Design and construction
- Architect: Henri Choret

= Hôtel de Ville, Saint-Germain-en-Laye =

Town hall in Saint-Germain-en-Laye, France

The Hôtel de Ville (/fr/, City Hall) is a municipal building in Saint-Germain-en-Laye, Yvelines, in the western suburbs of Paris, standing on Rue de Pontoise.

==History==
The building was commissioned as a private house in the second half of the 16th century. It was acquired by François de La Rochefoucauld, 1st Duke of La Rochefoucauld in 1604, and then became the home of the writer, François de La Rochefoucauld, 2nd Duke of La Rochefoucauld in 1650.

It then passed down the family line to Louis Alexandre de La Rochefoucauld, 6th Duke of La Rochefoucauld in 1762. After the 6th Duke lost interest in the property, it was sold to a royal courtier, Jean-Jacques d'Audibert de Corbière, in 1763. His son, a cavalry officer, Pierre Laurent d'Audibert de Corbière, sold it to a bookseller, Charles-Antoine Jombert, in 1777. In the 18th century, the house consisted of a main block facing south, a stable block and a courtyard behind. However, shortly after acquiring the building, Jombert remodelled it to create a typical Hôtel particulier with a courtyard in front, opening out onto Rue de Pontoise, and a garden behind.
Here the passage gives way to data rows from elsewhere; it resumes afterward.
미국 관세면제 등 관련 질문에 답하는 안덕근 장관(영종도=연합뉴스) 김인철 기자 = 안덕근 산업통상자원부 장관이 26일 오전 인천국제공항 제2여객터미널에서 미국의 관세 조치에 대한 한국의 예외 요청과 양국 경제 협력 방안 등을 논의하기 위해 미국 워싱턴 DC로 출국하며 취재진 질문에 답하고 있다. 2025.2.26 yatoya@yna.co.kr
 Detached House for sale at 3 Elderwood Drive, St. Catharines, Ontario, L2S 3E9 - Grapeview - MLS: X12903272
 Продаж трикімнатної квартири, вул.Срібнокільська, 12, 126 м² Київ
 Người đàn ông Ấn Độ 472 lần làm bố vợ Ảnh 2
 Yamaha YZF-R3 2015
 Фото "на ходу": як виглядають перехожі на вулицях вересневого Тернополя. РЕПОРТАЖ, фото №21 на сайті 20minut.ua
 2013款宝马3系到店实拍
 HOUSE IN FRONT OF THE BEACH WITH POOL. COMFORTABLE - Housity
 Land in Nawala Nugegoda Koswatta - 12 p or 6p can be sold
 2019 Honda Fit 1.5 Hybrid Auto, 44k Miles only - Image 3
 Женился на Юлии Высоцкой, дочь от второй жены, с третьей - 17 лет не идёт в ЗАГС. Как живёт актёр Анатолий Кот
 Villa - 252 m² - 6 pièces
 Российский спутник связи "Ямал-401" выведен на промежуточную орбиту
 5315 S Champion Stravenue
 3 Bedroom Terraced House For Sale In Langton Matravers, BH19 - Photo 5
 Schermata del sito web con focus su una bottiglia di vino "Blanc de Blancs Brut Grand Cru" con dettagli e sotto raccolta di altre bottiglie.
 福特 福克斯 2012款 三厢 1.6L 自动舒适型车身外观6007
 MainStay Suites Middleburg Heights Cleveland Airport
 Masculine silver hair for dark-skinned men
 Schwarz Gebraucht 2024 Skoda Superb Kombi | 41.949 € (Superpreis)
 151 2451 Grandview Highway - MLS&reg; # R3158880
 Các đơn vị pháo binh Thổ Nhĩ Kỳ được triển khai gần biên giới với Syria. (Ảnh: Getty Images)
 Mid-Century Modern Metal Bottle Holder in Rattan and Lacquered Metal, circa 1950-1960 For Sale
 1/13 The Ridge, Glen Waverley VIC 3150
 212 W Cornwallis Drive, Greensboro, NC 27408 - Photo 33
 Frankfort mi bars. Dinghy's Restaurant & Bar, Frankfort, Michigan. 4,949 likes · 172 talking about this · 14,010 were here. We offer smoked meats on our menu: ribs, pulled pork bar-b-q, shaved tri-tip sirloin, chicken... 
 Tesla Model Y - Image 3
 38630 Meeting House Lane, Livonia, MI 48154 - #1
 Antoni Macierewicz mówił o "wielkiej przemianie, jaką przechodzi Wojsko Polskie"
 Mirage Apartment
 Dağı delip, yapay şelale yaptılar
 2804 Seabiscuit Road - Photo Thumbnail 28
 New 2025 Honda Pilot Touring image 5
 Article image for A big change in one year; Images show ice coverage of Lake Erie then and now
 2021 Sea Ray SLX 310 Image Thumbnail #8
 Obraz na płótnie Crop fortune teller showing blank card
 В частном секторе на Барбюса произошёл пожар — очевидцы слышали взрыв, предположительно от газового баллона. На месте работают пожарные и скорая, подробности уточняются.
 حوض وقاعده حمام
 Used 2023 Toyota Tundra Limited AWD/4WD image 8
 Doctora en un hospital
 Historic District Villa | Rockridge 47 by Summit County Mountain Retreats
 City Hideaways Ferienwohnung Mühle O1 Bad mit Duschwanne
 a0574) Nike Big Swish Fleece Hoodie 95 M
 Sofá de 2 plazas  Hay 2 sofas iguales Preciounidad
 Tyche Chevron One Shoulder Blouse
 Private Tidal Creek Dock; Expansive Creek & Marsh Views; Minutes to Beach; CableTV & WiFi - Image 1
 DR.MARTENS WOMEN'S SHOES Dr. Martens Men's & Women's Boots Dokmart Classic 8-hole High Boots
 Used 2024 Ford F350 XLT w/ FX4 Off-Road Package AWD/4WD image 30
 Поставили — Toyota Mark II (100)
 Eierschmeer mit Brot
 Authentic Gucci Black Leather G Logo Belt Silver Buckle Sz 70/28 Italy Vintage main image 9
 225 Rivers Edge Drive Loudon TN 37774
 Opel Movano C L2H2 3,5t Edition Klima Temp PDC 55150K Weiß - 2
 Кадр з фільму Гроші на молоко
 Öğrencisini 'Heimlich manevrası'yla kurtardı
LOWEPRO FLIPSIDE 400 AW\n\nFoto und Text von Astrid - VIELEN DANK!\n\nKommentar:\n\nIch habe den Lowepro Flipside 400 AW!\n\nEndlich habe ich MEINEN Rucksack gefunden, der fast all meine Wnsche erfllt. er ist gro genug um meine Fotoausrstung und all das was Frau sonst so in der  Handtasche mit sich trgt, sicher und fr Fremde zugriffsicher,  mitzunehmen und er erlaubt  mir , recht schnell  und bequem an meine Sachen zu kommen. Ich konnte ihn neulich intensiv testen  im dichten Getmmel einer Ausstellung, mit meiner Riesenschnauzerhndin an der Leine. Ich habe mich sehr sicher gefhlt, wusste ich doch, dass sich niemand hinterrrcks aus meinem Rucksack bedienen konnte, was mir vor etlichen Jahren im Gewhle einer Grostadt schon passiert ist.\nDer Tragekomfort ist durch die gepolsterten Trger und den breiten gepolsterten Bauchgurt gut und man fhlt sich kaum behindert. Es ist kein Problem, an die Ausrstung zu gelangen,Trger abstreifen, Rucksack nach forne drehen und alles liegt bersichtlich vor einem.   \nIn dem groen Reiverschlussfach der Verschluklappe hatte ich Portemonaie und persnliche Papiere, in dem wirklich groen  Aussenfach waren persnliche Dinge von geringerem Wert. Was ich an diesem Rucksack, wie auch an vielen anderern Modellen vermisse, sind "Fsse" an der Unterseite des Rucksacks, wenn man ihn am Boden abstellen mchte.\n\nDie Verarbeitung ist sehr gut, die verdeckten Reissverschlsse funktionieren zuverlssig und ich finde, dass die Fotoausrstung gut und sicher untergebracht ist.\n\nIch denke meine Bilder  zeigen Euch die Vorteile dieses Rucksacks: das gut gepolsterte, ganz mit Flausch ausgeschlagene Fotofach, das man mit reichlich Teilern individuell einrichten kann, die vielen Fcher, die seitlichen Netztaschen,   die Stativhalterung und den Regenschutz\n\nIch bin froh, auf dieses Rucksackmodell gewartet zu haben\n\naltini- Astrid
The house was acquired by another nobleman, Anne-Nicolas Doublet, Marquis de Persan, in 1786 and it then passed through several more owners before being bought by the town council in 1842. The council had previously been accommodated at the Hôtel de la Chancellerie on Rue de Pontoise, but that building had become dilapidated and had to be demolished. The council later commissioned work to convert the Hôtel de La Rochefoucauld for municipal use to a design by Jean-Baptiste Lesueur.

During the Franco-Prussian War, on 19 September 1870, a Prussian infantry unit arrived at the town hall and demanded a war indemnity of FFr 100,000, to compensate for damages and expenses incurred, failing which the unit said they would burn the town. The next day, four Prussian dragoons approached the town hall and said that they had come to verify that the French troops had abandoned the town.

Modifications to the façade were carried out to a design by Henri Choret and completed in 1897. Meanwhile, internal decoration of the Salle des Mariages (wedding room) was undertaken by the painter, Louis Hista.

During the Second World War, the Henry IV Pavilion on Rue Thiers served as the headquarters of General Gerd von Rundstedt, commander of Oberbefehlshaber West, which directed all German forces on the Western Front. The town hall primarily served as the command post for local defences to protect the population from allied air attacks. However, a requisitions office was established on the second floor of the town hall, where officials provided administrative support to Rundstedt's staff. The building was comprehensively refurbished in 1997.